A mulher brasileira no mercado de trabalho

Enviada em 23/04/2020

Segundo a filósofa francesa Simone de Beauvoir, é por meio do trabalho que a mulher pode alcançar a sua independência e pode reduzir desigualdades sociais. Tal reflexão é verdadeira, no entanto, a sua aplicabilidade no mercado de trabalho brasileiro, em geral, é feita de forma lenta, em razão da manutenção de valores culturalmente e socieconomicamente estruturados nessa sociedade. Logo, torna-se necessário destacá-los não só com o objetivo de tornar a participação feminina no segmento laborativo mais impactante, mas também equiparada à masculina.

Em primeiro plano, o patriarcado histórico no Brasil reduziu, amplamente, o potencial das mulheres no mercado de trabalho nacional e favoreceu o predomínio dos homens nos principais segmentos de liderança e prestígio social.
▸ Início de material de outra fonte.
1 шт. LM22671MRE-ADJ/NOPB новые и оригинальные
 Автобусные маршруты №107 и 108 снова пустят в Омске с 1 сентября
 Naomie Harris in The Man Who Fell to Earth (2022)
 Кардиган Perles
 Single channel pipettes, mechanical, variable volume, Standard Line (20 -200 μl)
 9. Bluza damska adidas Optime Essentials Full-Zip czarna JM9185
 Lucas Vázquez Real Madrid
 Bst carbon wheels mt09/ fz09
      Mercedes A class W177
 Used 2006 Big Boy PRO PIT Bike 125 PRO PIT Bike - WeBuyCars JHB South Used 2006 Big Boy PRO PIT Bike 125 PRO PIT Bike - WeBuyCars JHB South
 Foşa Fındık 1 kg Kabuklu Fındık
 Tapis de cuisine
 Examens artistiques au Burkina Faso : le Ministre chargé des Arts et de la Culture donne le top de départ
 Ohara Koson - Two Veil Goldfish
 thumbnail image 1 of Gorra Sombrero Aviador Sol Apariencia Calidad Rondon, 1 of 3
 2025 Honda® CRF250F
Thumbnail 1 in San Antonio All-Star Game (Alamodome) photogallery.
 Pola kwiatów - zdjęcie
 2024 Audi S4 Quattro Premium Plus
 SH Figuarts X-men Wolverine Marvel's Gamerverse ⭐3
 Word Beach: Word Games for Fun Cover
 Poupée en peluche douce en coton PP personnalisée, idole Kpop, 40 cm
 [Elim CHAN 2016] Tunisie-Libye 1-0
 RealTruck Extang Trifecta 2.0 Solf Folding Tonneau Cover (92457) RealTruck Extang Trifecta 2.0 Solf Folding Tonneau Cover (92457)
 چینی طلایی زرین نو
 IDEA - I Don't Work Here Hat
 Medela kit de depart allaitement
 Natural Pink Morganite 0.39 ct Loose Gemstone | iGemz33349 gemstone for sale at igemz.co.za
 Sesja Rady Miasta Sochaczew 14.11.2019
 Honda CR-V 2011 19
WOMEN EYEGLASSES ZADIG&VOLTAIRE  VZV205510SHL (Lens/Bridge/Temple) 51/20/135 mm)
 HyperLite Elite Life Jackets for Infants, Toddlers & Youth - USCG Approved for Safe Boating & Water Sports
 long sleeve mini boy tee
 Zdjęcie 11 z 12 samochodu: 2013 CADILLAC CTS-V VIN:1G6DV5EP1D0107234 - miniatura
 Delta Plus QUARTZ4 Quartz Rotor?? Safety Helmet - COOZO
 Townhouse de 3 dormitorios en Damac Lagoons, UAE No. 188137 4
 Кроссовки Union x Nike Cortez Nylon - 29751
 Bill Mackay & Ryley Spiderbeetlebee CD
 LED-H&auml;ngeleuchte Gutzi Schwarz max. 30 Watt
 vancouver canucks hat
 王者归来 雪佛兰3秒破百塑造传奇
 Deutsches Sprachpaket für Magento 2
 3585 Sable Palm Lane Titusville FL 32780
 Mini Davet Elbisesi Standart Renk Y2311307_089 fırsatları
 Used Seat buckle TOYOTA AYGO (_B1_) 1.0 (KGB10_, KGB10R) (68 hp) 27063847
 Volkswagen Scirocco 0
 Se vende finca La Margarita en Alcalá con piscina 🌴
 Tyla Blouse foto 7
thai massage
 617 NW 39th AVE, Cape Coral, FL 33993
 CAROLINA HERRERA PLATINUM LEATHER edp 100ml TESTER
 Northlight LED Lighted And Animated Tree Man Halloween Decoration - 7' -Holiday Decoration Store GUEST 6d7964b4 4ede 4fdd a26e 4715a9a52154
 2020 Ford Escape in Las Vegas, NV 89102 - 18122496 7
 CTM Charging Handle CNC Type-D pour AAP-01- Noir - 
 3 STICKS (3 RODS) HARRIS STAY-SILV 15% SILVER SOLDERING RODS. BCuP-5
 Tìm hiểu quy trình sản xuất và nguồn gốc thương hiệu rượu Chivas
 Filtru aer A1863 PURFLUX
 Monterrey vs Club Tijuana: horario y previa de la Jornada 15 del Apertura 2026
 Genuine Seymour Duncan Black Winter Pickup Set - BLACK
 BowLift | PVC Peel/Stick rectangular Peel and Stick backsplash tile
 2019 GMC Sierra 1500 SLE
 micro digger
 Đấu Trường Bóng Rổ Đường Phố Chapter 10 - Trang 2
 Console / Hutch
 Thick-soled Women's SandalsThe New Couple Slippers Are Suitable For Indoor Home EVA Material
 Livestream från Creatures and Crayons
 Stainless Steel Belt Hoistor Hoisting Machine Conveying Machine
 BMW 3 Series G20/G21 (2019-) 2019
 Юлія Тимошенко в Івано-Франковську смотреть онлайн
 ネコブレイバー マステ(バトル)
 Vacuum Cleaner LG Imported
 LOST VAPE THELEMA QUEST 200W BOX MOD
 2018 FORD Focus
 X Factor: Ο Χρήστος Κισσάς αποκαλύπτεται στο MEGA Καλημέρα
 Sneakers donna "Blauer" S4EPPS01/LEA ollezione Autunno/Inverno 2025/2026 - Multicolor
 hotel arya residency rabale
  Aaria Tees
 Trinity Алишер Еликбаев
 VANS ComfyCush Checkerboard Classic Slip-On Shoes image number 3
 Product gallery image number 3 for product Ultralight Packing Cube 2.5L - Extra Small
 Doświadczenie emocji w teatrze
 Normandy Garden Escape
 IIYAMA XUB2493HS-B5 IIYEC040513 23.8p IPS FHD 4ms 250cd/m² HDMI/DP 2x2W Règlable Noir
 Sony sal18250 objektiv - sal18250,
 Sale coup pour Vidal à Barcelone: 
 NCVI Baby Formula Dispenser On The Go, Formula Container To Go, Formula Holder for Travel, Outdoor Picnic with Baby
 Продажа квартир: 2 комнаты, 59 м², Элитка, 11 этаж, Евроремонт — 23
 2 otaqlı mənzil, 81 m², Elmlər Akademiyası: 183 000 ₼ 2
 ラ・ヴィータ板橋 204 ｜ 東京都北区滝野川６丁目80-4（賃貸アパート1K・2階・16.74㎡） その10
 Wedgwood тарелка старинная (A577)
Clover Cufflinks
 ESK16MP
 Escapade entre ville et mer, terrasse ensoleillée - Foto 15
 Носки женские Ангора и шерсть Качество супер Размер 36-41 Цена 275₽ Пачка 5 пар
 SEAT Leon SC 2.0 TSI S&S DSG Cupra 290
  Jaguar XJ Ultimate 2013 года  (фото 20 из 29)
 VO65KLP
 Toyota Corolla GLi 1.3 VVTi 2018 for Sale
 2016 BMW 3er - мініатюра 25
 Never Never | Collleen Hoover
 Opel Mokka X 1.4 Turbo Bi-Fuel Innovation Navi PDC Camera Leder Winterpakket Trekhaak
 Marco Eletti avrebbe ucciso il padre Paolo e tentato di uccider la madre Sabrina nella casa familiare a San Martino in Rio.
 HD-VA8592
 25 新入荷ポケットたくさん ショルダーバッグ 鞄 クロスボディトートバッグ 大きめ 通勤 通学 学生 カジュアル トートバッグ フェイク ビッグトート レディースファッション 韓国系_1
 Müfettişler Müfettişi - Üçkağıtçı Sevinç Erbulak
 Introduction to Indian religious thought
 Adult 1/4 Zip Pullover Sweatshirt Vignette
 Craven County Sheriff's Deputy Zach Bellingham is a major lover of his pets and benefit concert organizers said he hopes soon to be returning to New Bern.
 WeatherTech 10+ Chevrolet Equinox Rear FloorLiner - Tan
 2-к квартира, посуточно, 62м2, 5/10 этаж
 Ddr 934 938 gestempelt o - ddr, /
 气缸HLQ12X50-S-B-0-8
Isso é resultado do machismo estrutural, o qual exclui, deslegitima e dificulta a ascensão feminina na sociedade, ações contrárias aos ideias de liberdade defendidos por Simone de Beauvoir. Assim, essa parcela enfrenta empecilhos para alcançar os direitos sociais de isonomia elencados na Constituição Federal do Brasil, pois a representatividade politica nacional é, majoritariamente, masculina.

Ademais, embora a mulher brasilera possua ampla criatividade para o desenvolvimento de novas técnicas e conhecimentos, contudo, a maior parte dos postos de trabalhos ofertados no país, infelizmente, inutiliza essas habilidades. Como exemplo, tem-se a atividade doméstica, que, na maioria dos casos, possui baixa remuneração e torna a mulher refém do seu companheiro para complementar a renda familiar. A partir desse cenário, a figura feminina torna-se vulnerável e é, constantemente, vítima de violência psicológica. Dessa maneira, o sociedade brasileira necessita valorizar a importância desse grupo no mercado trabalhista, por meio de politicas públicas que valorizem as condições biológicas e comportamentais femininas e proporcione uma maior equidade social.

Portanto, a fim de garantir que as mulheres brasileiras sejam mais valorizadas no mercado de trabalho, o Ministério da Mulher, da Família e dos Direitos Humanos, por meio de políticas afirmativas, deve criar um programa nacional para o estimulo à contratação e à promoção de mão-de-obra feminina nos cargos de liderança e de alta performance. Essa medida deve ser realizada em parceira com associações de mulheres que relatem as principais dificuldades enfrentadas por elas na ascensão no segmento laborativo. Anualmente, relatórios devem ser produzidos para serem avaliados e debatidos por toda a sociedade em fóruns nacionais, com a finalidade de averiguar os resultados das medidas implementadas e definir possíveis mudanças.